Standard stock solution: Proceed as directed in the Standard solution in the Assay.
Standard solution: 0.5 μg/mL of USP Leflunomide RS from the Standard stock solution in Mobile phase▲ (ERR 1-Feb-2019)
Sensitivity solution: 0.25 μg/mL of Leflunomide, from the Standard solution in Mobile phase
System suitability
Samples: System suitability solution and Sensitivity solution
Resolution: NLT 1.0 between leflunomide and leflunomide related compound C
Signal-to-noise ratio: NLT 10, Sensitivity solution
Analysis
Samples: Standard solution and Sample solution
[Note—Disregard any peak with an area less than the leflunomide peak from the Sensitivity solution.
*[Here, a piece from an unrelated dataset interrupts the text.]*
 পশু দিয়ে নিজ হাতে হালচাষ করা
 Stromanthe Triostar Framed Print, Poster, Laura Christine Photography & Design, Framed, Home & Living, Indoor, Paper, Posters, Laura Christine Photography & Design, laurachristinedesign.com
Continue the elution for two times the retention time of the leflunomide peak.]
Calculate the percentage of each related compound and any unknown impurity (see Impurity Table 1) in the portion of Leflunomide taken:
Result = (rU/rS)x(CS/CU) × 100
rU = peak area for each impurity from the Sample solution
rS = peak area of leflunomide from the Standard solution
CS = concentration of USP Leflunomide RS in the Standard solution (mg/mL)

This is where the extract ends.